Top of Stored data

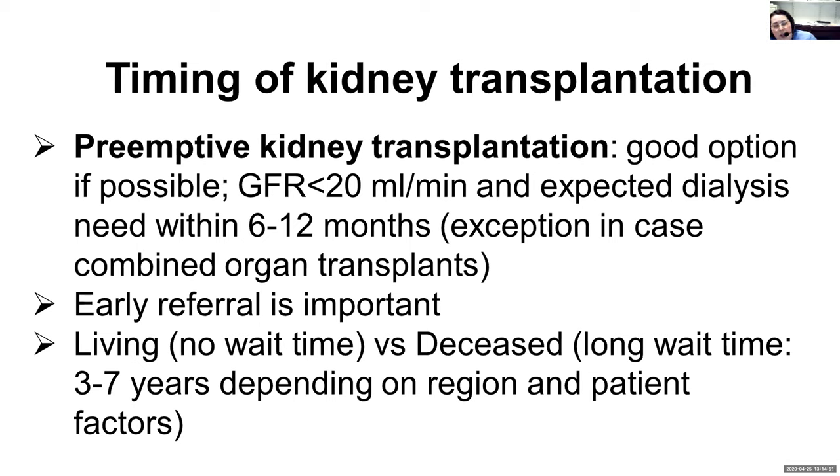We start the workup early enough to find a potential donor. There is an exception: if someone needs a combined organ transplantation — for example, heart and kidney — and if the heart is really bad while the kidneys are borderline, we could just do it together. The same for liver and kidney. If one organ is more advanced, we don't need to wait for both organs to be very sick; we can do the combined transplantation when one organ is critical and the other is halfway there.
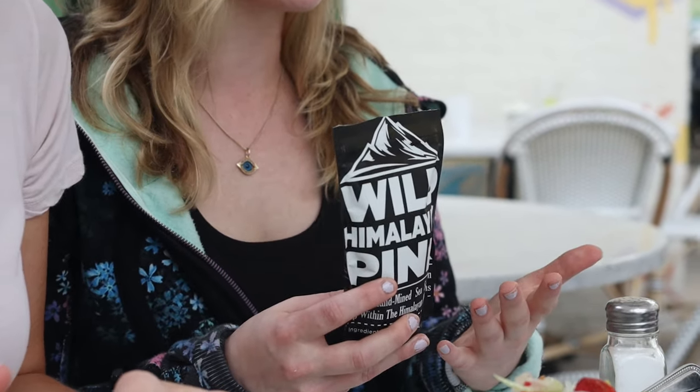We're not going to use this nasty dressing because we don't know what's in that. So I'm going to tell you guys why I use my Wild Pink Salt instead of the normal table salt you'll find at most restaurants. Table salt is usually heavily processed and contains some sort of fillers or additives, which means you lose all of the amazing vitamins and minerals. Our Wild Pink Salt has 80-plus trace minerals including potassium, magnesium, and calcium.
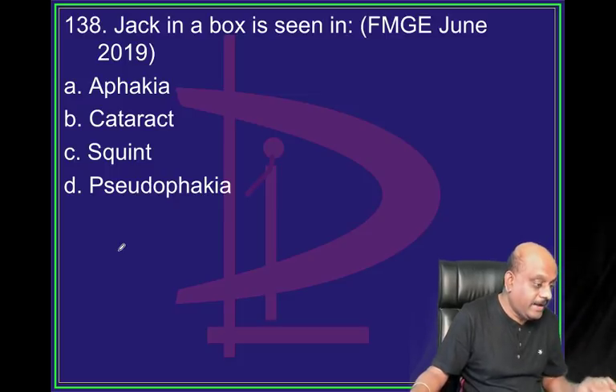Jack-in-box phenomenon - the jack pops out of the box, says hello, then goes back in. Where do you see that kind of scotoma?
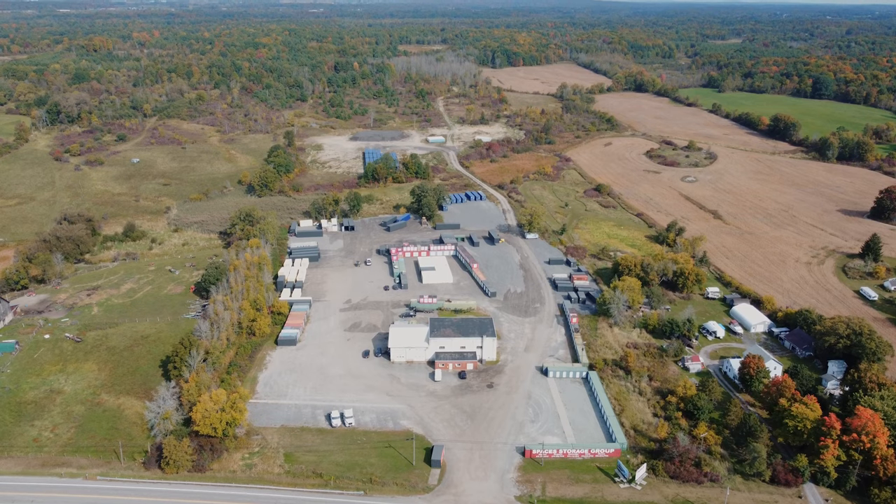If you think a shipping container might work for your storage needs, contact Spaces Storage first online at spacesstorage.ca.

Bottom of Stored data

- Exercise goal
Return exactly the lines from the line with "Jack-in-box phenomenon - the" through the last line of the data above, both included; pictures do not go in the answer.

- Output
Jack-in-box phenomenon - the jack pops out of the box, says hello, then goes back in. Where do you see that kind of scotoma?
If you think a shipping container might work for your storage needs, contact Spaces Storage first online at spacesstorage.ca.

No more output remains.